On Wall Street, the Dow Jones Industrial Average was up 1.6%; the S&P500 index gained 1.8%; and the Nasdaq Composite advanced 2.4%.
All 11 major S&P sectors improved, led by a 3% rise in consumer discretionary, followed by a 1.7% rise in financials.
The department store chain Macy’s gained 12.1% after raising its annual profit forecasts, thanks to the recovery in demand for party wear.
Dollar General Corp and Dollar Tree climbed 13.2% and 17.8%, respectively, after raising their annual sales forecasts, at a time when more Americans are turning to discount store purchases now that inflation is at a four-decade high.
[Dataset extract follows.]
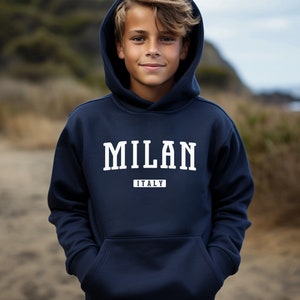 Milan Kids Hoodie | Milan Italy Youth Pullover Hoodie | Duomo, Italian Vacation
For its part, a report from the Department of Commerce showed that US Gross Domestic Product fell at an annualized rate of 1.5% last quarter, revised down from a 1.4% decline in April under the weight of a record trade deficit. In the fourth quarter, the economy grew at a strong rate of 6.9%.
Likewise, weekly applications for unemployment benefits fell to 210,000 last week, which indicates that the labor market remains firm despite the increase in rates and the tightening of financial conditions.
“These numbers indicate that growth and demand are slowing down and that perhaps prices are starting to slow as well. And if all three of these things hold, then the case for a cautious turn will become stronger during the summer months.” , said Thomas Hayes of Great Hill Capital.